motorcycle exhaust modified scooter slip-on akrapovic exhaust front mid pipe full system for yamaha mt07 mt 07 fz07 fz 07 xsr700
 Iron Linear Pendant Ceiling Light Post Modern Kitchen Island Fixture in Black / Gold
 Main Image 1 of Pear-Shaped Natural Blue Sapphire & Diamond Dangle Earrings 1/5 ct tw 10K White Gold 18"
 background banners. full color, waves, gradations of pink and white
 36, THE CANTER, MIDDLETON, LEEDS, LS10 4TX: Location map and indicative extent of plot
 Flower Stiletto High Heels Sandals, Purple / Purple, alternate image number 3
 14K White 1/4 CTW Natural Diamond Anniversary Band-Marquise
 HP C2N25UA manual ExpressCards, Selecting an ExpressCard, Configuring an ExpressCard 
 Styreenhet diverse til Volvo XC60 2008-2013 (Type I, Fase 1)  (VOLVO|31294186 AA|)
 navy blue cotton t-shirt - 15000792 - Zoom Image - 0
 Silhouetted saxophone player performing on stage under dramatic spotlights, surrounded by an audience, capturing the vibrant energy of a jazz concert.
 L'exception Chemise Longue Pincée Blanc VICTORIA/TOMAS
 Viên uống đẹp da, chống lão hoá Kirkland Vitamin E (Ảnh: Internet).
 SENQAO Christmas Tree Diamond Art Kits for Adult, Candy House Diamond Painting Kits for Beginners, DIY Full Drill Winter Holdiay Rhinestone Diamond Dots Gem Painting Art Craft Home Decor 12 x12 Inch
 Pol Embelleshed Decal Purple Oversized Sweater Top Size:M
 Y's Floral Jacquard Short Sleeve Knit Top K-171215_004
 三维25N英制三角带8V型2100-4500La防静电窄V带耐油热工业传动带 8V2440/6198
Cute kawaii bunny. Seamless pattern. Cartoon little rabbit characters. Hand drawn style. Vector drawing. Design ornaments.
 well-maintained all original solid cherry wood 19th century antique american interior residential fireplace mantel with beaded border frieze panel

————————

- _To do_
Search the listing above for the string "Natural" and copy each line that has it.

- _Exercise result_
 Main Image 1 of Pear-Shaped Natural Blue Sapphire & Diamond Dangle Earrings 1/5 ct tw 10K White Gold 18"
 14K White 1/4 CTW Natural Diamond Anniversary Band-Marquise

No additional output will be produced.